Records for the exercise:
▽
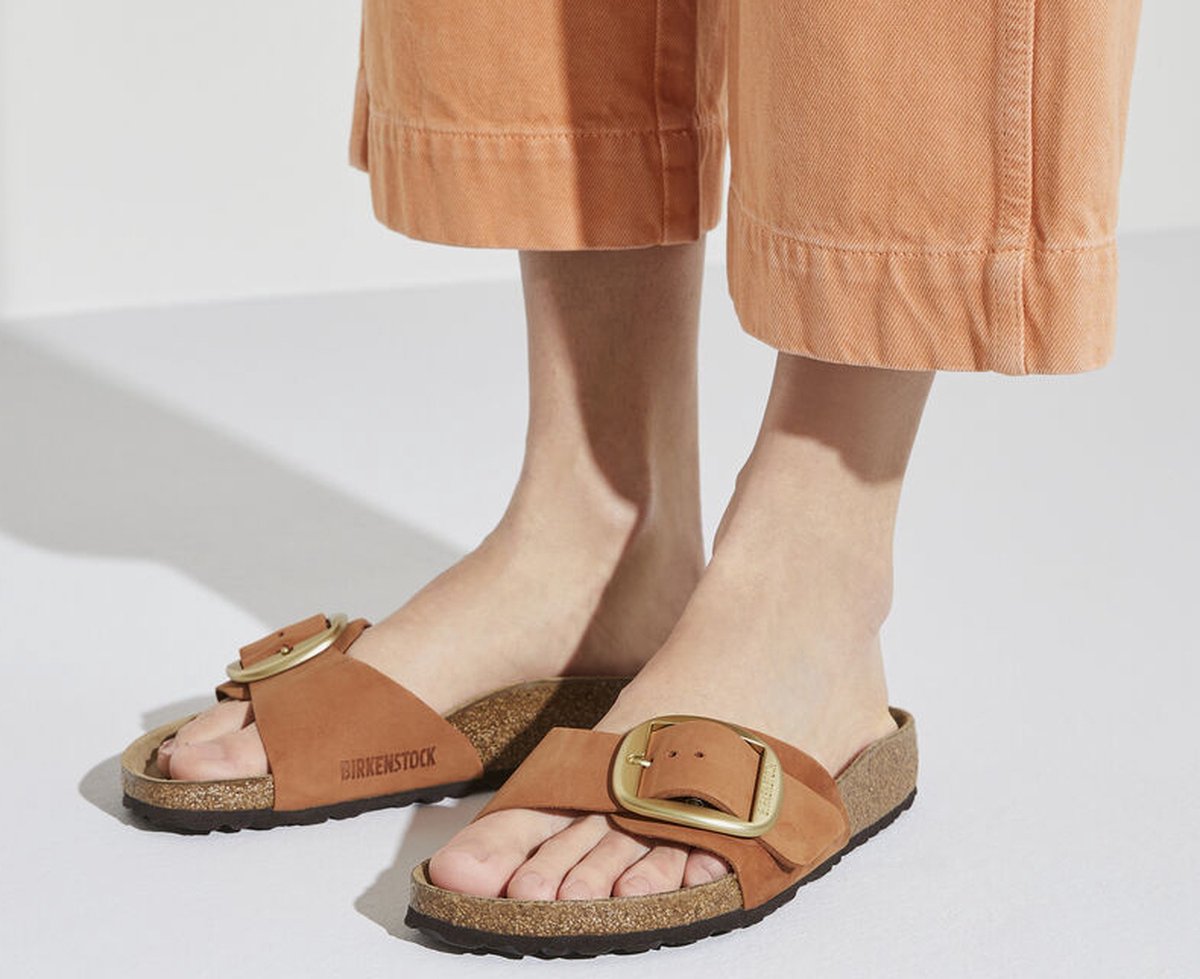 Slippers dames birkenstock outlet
△
▽
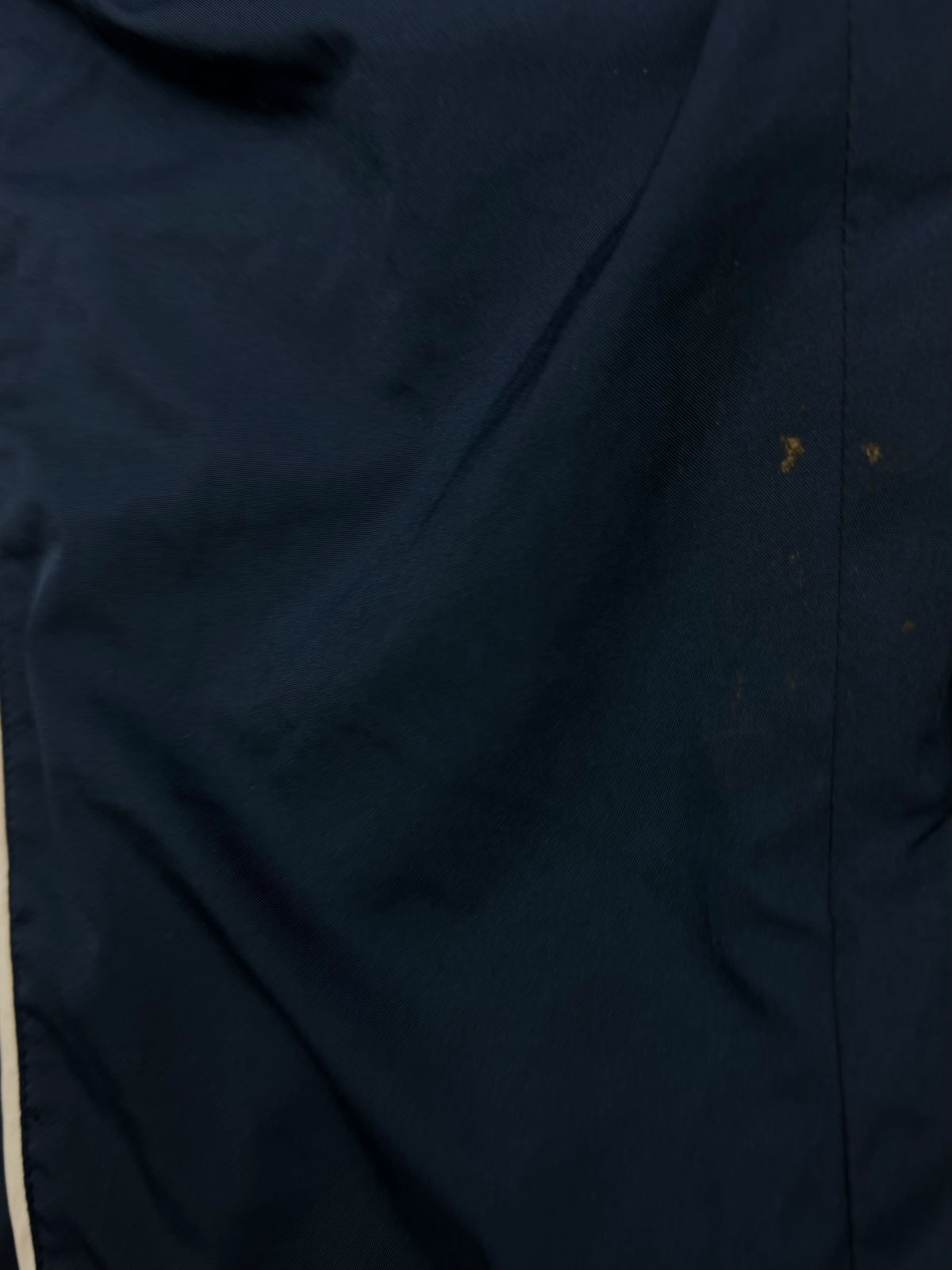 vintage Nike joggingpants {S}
△
▽
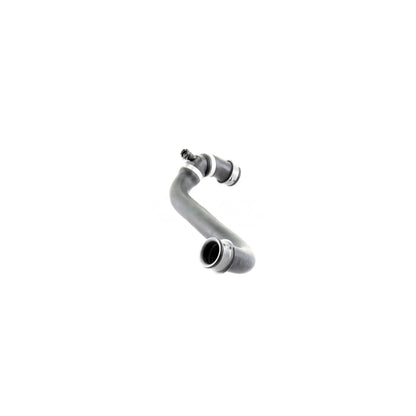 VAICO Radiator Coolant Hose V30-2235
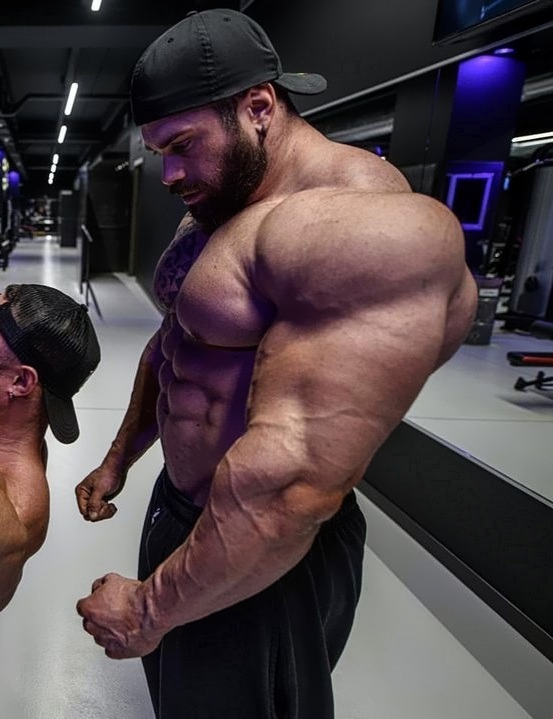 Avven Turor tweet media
△
In the entries above, every line from the line with "VAICO Radiator Coolant Hose V30-2235" to the line with "Avven Turor tweet media" is to be printed exactly, with both ends included and pictures excluded.

 VAICO Radiator Coolant Hose V30-2235
 Avven Turor tweet media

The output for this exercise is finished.